# New headunit? Worth the hassle



## EcoDave (Mar 7, 2013)

From my understanding, you will probably just get distortion with the stock speakers if you get a higher powered headunit. The consensus is, it's just not worth it. 

Is the PAC AA-GM44 available in your area?


----------



## jstoner22 (Aug 21, 2012)

If the headunit has extensive DSP capabilities, it could be justified.

If not, there is no point unless you are upgrading the speakers as well and powering them externally.

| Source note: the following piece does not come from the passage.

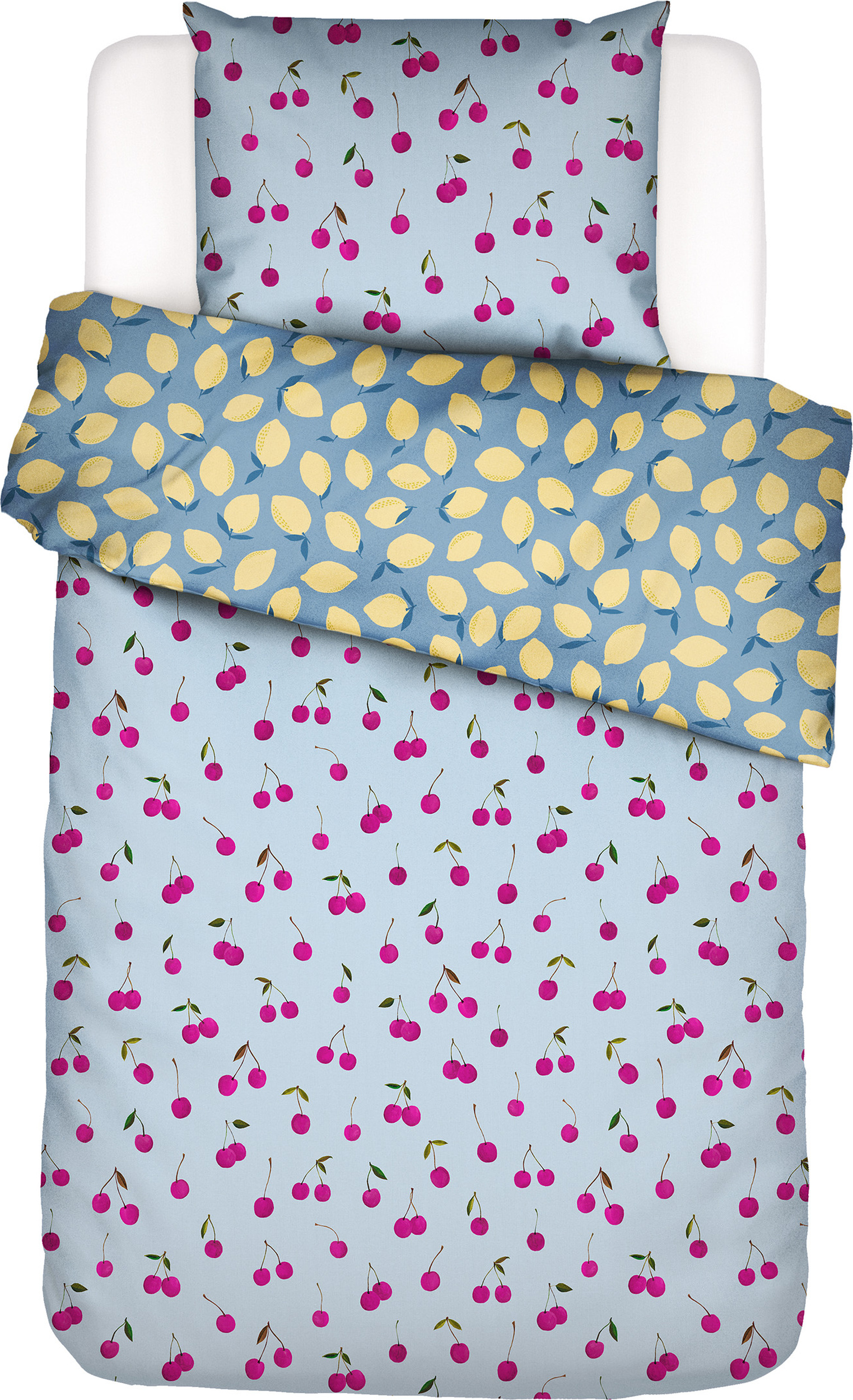 Pościel Zesty Cherry 140 x 220 cm jasnoniebieska z poszewką na poduszkę 60 x 70 cm zapięcie flap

Personally I wouldn't. Full system or nothing.


----------



## robertone (Apr 23, 2013)

The PAC AA-GM44 would have to be bought from overseas. What the system really needs is a bit more bass,but I would need the PAC AA-GM44 to get line out to add external amp to drive sub anyway. Might have to rethink and do headunit with front speaker upgrade as well then.


----------



## ricksvt80 (Apr 11, 2013)

Screw the PAC AA-GM44, go with an Audio Control LC6i. This has an auto sense circuit which works great, you can even add a sub level control on it easily. Its well worth the $120 for a top quality product. Only downside, its a little bigger than the others and requires you to splice into your factory wiring, not a big deal. I just finished installing mine, no pops, no engine noise, no nothing, just clean sound and turns the amps on perfectly without hesitation. It also has a clipping indicator which will help you with some basic tuning. 

Rick


----------